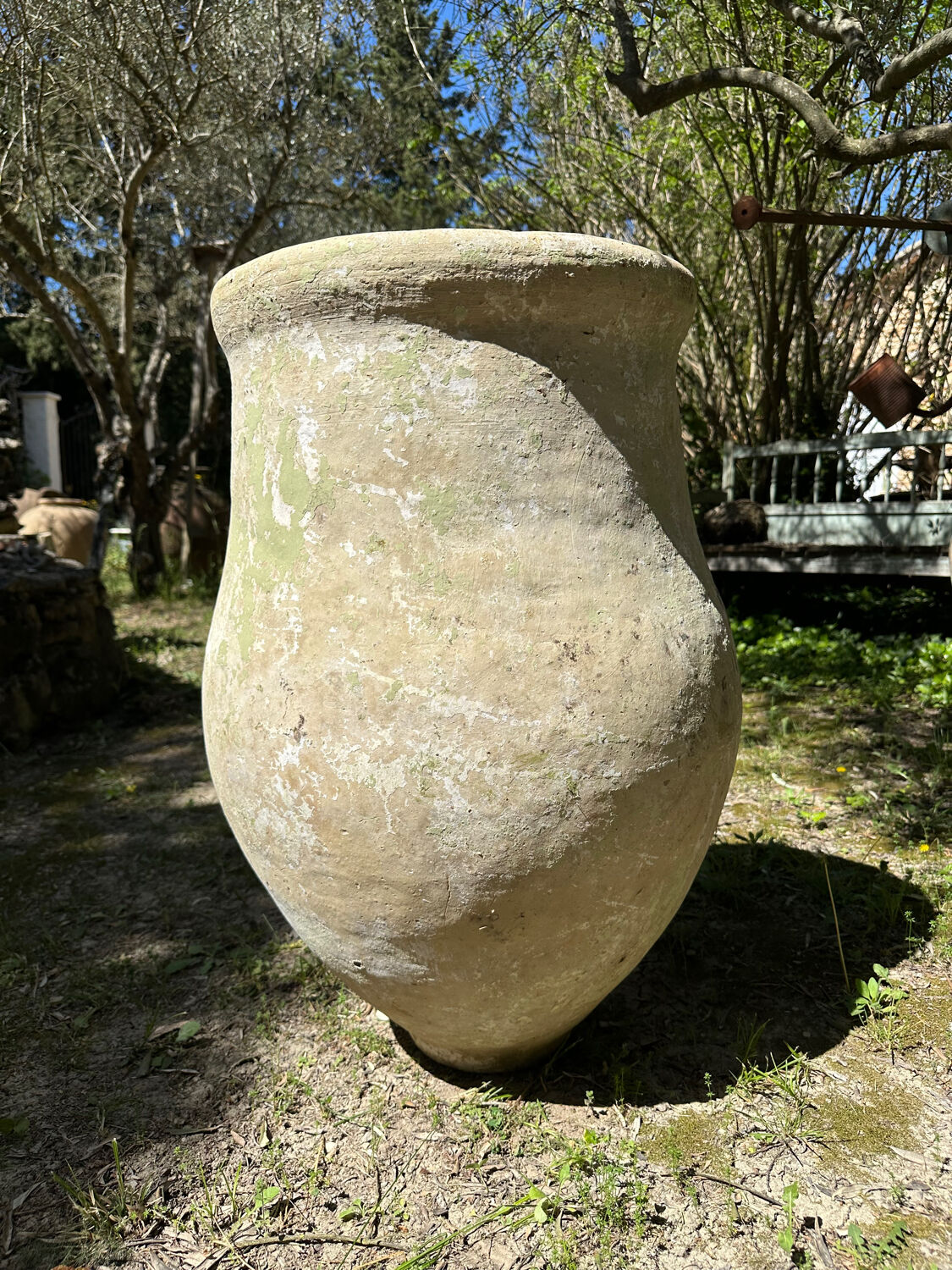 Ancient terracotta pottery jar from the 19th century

####################

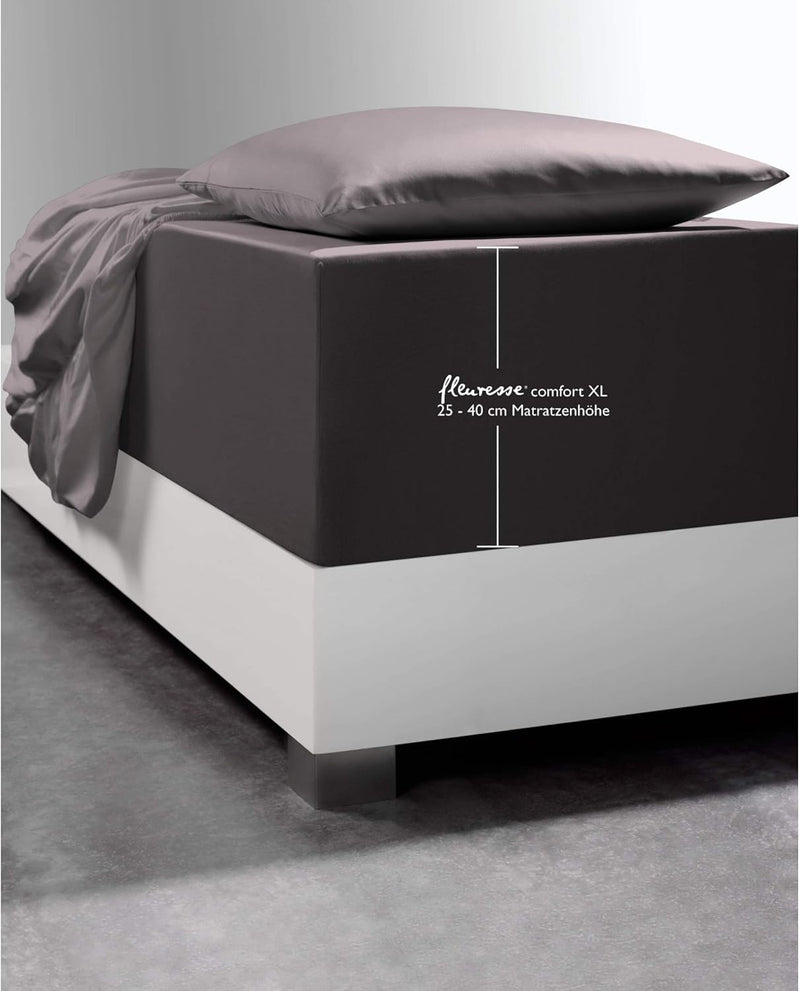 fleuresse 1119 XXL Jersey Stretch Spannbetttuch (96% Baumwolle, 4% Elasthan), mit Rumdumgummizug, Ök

####################

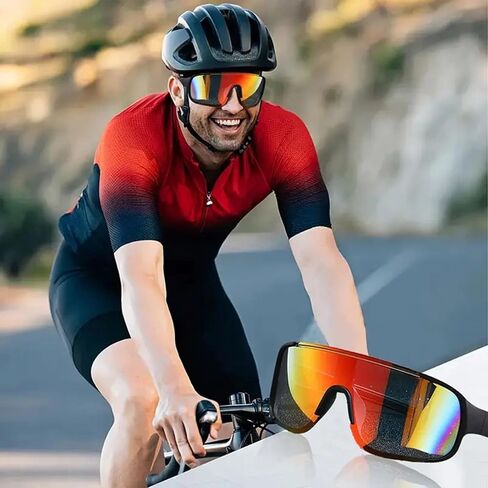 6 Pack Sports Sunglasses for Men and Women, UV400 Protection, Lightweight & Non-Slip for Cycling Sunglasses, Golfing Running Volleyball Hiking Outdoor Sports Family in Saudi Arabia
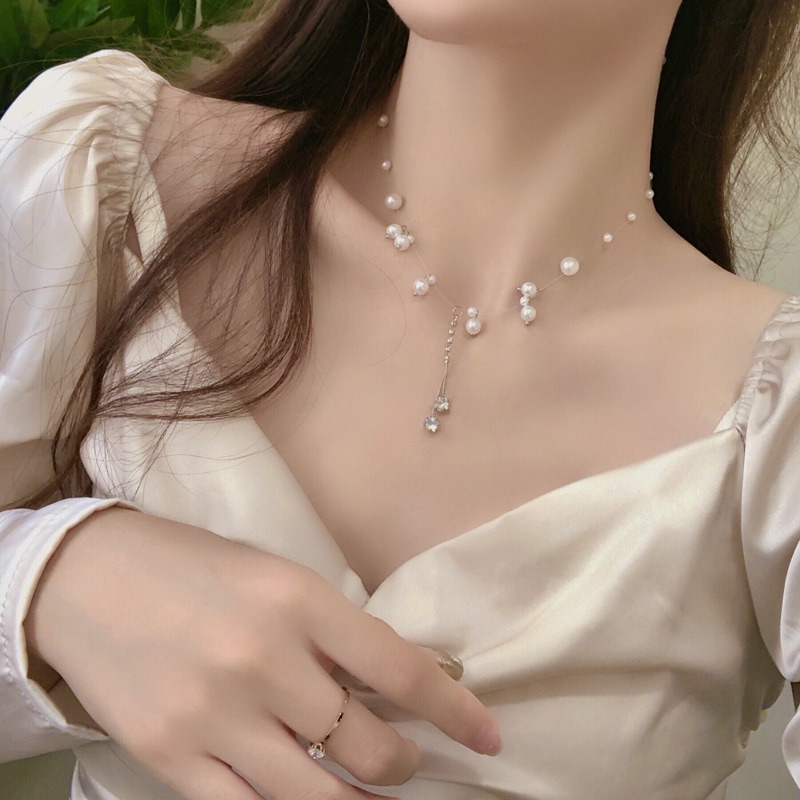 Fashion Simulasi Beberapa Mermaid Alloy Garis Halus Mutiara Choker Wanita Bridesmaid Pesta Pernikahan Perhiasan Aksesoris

####################

● Activity:
Go back to the listing above and write out the lines starting at the one with "6 Pack Sports" and ending at the one with "Fashion Simulasi Beberapa", inclusive, exactly and without pictures.

● Solution for this task:
 6 Pack Sports Sunglasses for Men and Women, UV400 Protection, Lightweight & Non-Slip for Cycling Sunglasses, Golfing Running Volleyball Hiking Outdoor Sports Family in Saudi Arabia
 Fashion Simulasi Beberapa Mermaid Alloy Garis Halus Mutiara Choker Wanita Bridesmaid Pesta Pernikahan Perhiasan Aksesoris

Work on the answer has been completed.